I did a grep search for taxonomy tables being referenced in my site's codebase, and it came back with nothing worse than unused devel_generate.module, unused core taxonomy, and our taxonomy wrapper; plus purely read access in Views, Token, Pathauto, img_assist, Forum, and a couple more occassions in core (which is all OK).
So, I believe this is OK to proceed. In fact, this is a simple task, because the central caching function is already in place, as well as the whole cache-flushing part, so we only just need to wrap the actual code in functions into a simple cache-fetching structure, and that's all.
I hope to tackle this as time permits, but any help is welcome.

#1
So, I rolled a patch for this. It's just a straightforward conversion of the taxonomy wrapper legacy data-loaders to the category caching pattern, very similar to what my pre-rc1 patch did in category.inc counterparts. This obviously means a lot of indentation changes (wrapping existing code into conditional blocks), but apart from a few static variables being replaced by our central caching (occasionally leading to simplified array-keys), there's no change in fact.
We don't need explicit cache flushing in taxonomy wrapper, because all saves are automatically accompanied by node_save() [as long as we're not in serious trouble with the wrapper in general].
---------------------
The patch also includes one additional fix in category.inc, which is a follow-up fix after my previous performance patch.

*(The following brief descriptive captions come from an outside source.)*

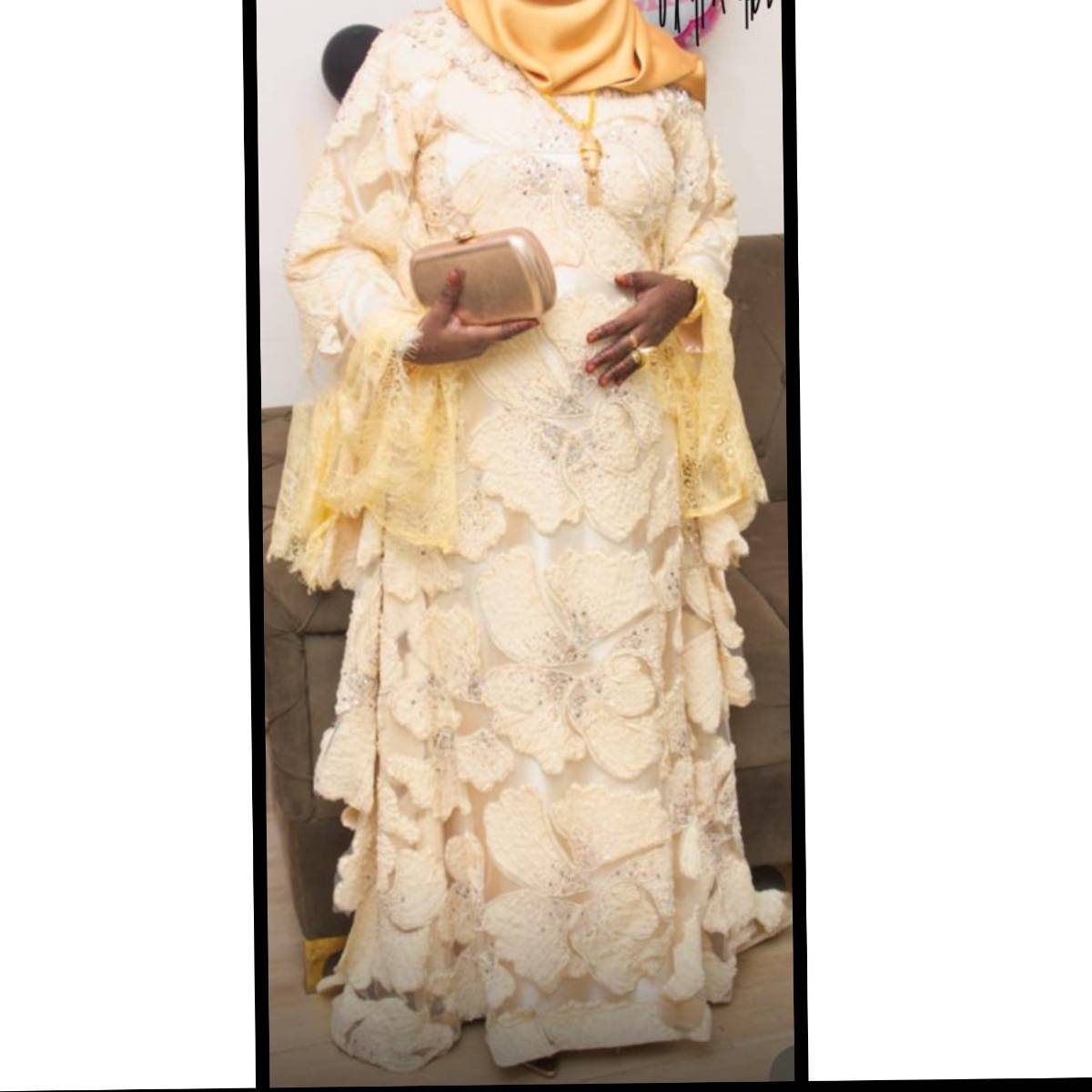 Robe guipure beige mariage longue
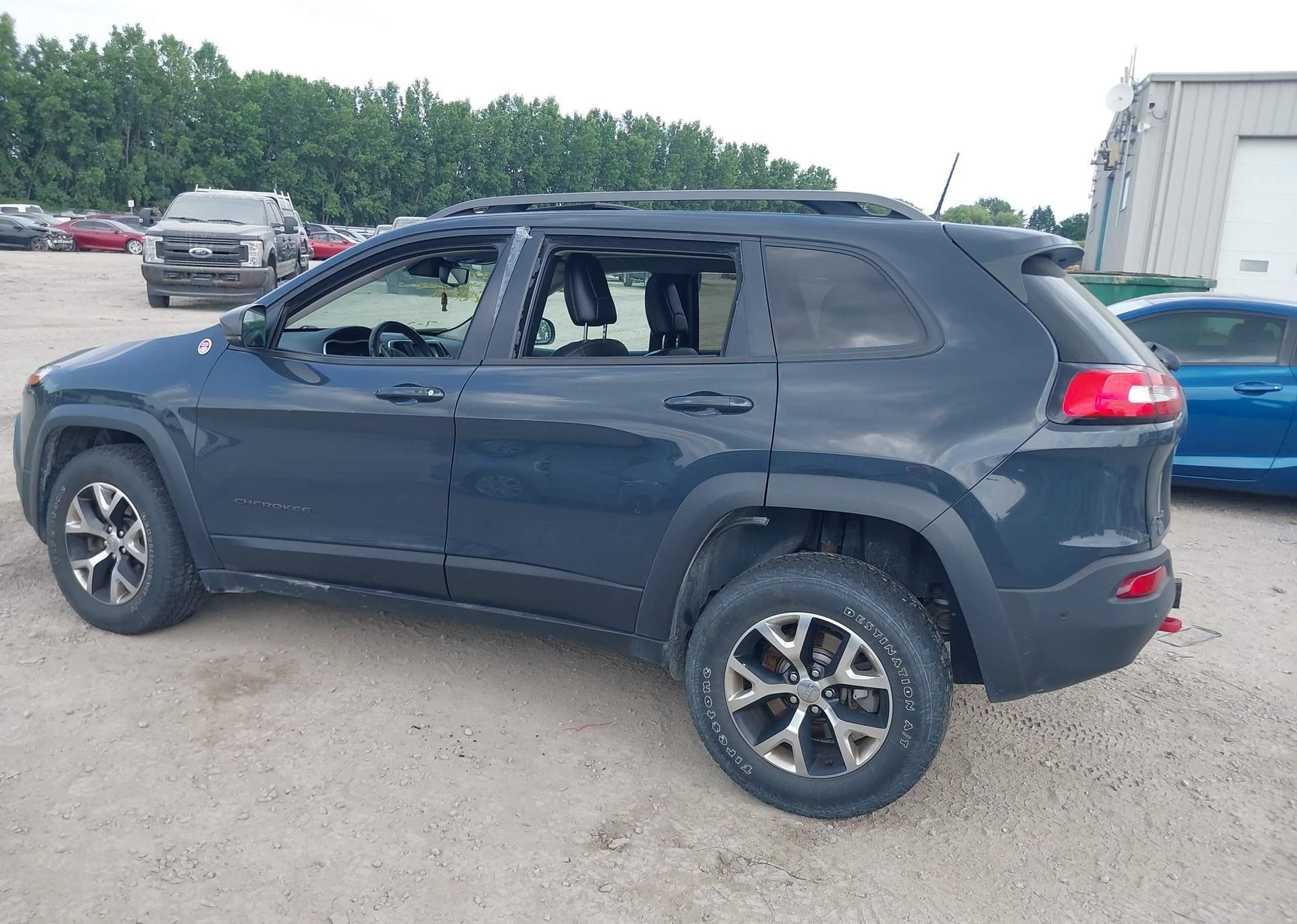 2016 JEEP CHEROKEE TRAILHAWK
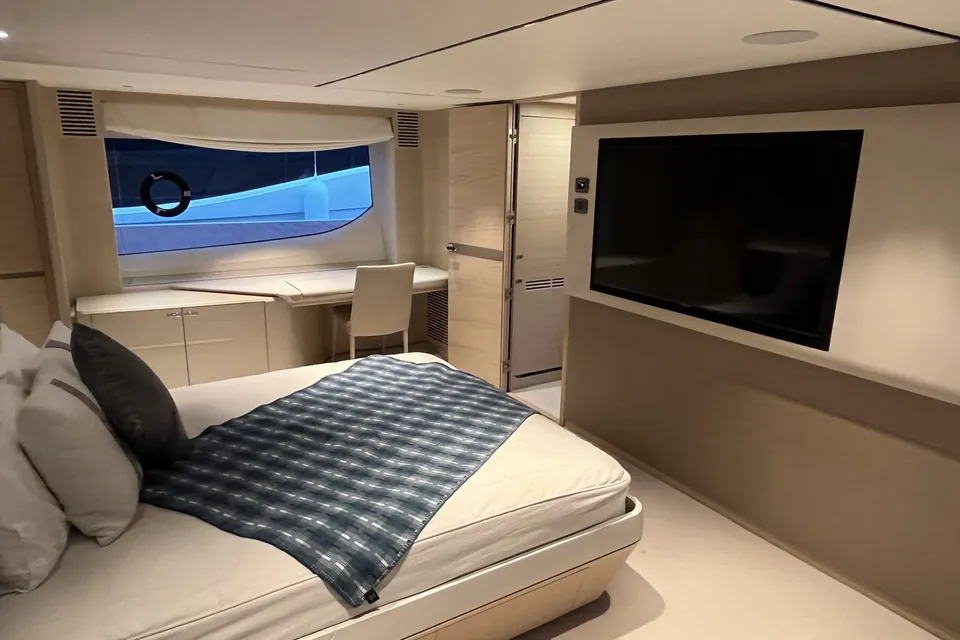 Poseidon XII, 2022 Princess Y85, photo 19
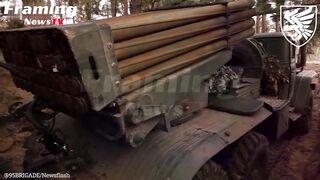 Pasukan Terjun Payung Ukraina dari Brigade Serangan Udara ke-95 menembakkan MLRS ke posisi Rusia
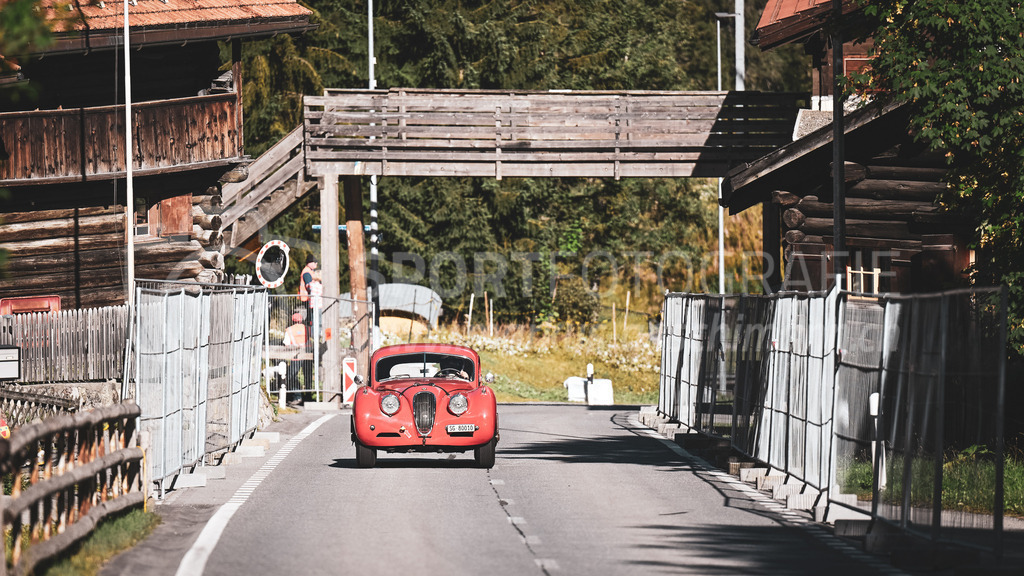 19. Arosa ClassicCar 2023 - 1. September 2023 | 19. Arosa ClassicCar 2023
Arosa, Schweiz
Engler Rolf aus Rapperswil mit der Startnummer 527 in einem Jaguar XK 120 SE, Jahrgang 1953, in der Klasse Competition.
@arosaclassiccar, @arosa.official, #arosaclassiccar, #arosa, #76curves, #classiccar
Bild: Sportfotografie Markus Aeschimann | www.markus-aeschimann.ch - Realisiert mit Pictrs.com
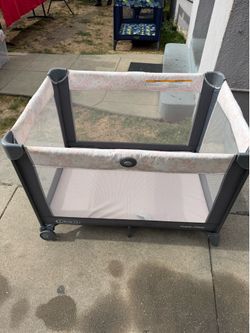 Graco pack n play used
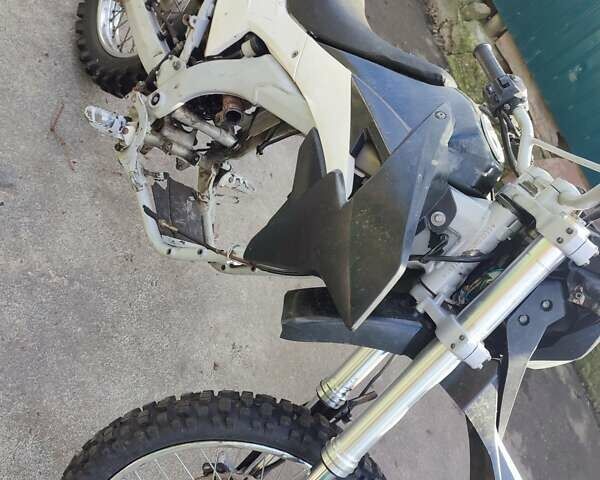 Лонкин LX 250GY-3, объемом двигателя 0 л и пробегом 500 тыс. км за 500 $, фото 4 на Automoto.ua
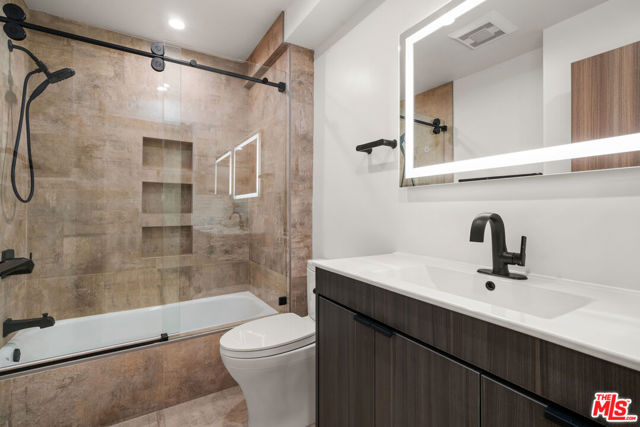 125 W Mountain Street, Glendale CA: https://media.crmls.org/mediaz/003e5865-ee88-42f3-81a1-b556b35ab08b.jpg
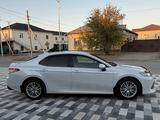Toyota Camry 2019 года за 12 200 000 тг. в Кызылорда – фото 4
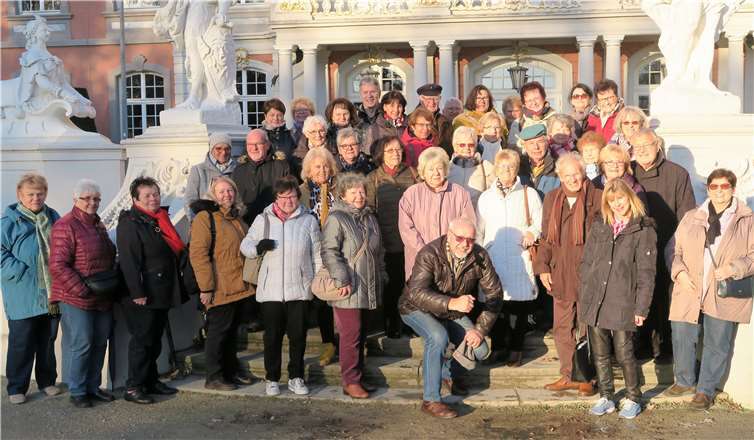 Der Frauenchor Wollendorf traf sich zur historischen Stadtrundfahrt nach Trier mit anschließendem Weihnachtsmarktbesuch. Foto: Privat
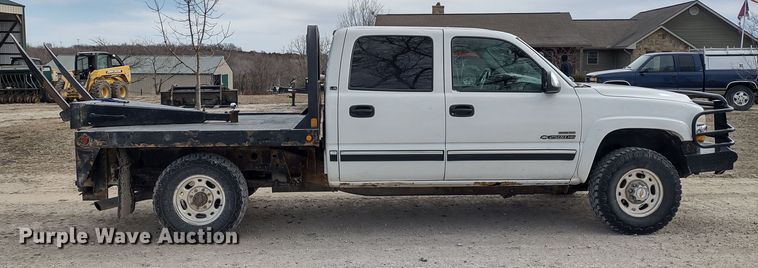 image for item MD9302 2002 Chevrolet Silverado 2500HD  Crew Cab flatbed pickup truck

There's a small weirdness in existing code, that forced me to adopt inefficient caching pattern in category_get_tree() on quick look, previously:
category_get_tree() have a strange condition in the first block of processing, whose results we store in cache:
if (!$distant && $depth == 0)This part of code is just some sort of sanity check, enforcing that the current container is a root parent of the category (even if it means a change to the parent property on the category). Bypassing that check in case of distant parenting is fine, but why check for depth? This is a recursive function, so we'll only do that check on first iteration - then the result is cached (and it always WAS cached, in a static at least), so the check for depth won't have any effect on further iterations anyway. It doesn't do anything unless we call the function with an arbitrary $depth - which is documented as "internal use only" argument.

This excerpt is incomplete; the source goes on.